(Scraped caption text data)
------------------------------
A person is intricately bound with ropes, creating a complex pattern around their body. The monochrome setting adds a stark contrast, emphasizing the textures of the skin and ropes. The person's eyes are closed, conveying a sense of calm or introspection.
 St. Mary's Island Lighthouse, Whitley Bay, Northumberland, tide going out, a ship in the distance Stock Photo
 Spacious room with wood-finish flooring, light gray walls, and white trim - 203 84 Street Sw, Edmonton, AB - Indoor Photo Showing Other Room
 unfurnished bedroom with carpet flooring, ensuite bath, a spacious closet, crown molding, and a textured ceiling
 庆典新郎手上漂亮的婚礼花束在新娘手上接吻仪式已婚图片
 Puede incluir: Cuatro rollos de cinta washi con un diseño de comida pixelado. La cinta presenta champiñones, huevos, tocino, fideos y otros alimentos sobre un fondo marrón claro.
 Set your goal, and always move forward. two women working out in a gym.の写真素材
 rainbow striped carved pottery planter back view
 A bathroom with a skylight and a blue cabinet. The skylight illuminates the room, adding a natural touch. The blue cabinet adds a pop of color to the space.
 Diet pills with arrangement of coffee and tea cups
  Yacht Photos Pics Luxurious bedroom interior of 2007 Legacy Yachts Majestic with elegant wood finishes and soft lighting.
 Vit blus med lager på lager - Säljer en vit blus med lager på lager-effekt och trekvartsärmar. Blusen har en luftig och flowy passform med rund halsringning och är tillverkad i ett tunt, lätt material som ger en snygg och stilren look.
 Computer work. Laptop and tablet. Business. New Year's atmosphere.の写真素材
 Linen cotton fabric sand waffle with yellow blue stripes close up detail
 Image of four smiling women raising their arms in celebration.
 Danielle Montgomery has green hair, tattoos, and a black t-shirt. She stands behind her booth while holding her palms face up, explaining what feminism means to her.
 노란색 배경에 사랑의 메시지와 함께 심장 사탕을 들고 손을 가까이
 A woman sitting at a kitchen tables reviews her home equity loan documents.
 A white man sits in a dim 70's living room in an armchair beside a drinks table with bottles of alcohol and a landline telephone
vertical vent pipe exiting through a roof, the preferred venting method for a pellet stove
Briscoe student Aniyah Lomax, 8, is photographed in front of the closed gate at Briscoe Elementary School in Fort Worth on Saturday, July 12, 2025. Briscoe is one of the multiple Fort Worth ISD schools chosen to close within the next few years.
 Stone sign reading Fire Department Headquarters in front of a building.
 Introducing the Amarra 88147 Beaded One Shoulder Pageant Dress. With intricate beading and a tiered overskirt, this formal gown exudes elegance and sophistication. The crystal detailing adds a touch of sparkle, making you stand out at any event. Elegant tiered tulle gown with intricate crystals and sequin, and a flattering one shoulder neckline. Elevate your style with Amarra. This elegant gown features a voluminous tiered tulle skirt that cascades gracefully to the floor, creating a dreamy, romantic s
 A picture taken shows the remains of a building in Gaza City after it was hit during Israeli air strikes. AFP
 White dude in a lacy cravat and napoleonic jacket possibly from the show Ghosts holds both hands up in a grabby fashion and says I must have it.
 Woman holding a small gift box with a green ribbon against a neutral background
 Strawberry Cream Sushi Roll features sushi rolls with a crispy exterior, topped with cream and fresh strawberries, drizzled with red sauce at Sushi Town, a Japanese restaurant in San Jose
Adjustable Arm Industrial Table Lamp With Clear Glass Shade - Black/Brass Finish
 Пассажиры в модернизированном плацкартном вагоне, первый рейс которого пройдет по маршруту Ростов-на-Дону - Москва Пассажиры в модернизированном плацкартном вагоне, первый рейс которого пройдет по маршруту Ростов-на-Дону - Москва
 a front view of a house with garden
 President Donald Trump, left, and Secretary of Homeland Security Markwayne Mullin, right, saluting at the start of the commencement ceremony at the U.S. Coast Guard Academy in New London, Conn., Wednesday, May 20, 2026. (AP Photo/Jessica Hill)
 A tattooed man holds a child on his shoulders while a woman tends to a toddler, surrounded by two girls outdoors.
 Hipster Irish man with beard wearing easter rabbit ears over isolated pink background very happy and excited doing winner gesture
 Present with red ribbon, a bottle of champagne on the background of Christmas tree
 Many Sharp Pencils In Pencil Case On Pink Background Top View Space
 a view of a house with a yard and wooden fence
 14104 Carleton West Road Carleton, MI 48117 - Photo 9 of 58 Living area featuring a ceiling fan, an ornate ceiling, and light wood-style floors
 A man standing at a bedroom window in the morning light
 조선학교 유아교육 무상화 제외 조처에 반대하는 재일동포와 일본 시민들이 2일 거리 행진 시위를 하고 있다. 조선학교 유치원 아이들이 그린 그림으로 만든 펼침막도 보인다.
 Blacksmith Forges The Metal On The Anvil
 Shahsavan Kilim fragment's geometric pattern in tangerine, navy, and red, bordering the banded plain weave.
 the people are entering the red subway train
------------------------------
> Description of the task
Search the data for "elegant". Copy every line that has it.

> Response below
  Yacht Photos Pics Luxurious bedroom interior of 2007 Legacy Yachts Majestic with elegant wood finishes and soft lighting.
 Introducing the Amarra 88147 Beaded One Shoulder Pageant Dress. With intricate beading and a tiered overskirt, this formal gown exudes elegance and sophistication. The crystal detailing adds a touch of sparkle, making you stand out at any event. Elegant tiered tulle gown with intricate crystals and sequin, and a flattering one shoulder neckline. Elevate your style with Amarra. This elegant gown features a voluminous tiered tulle skirt that cascades gracefully to the floor, creating a dreamy, romantic s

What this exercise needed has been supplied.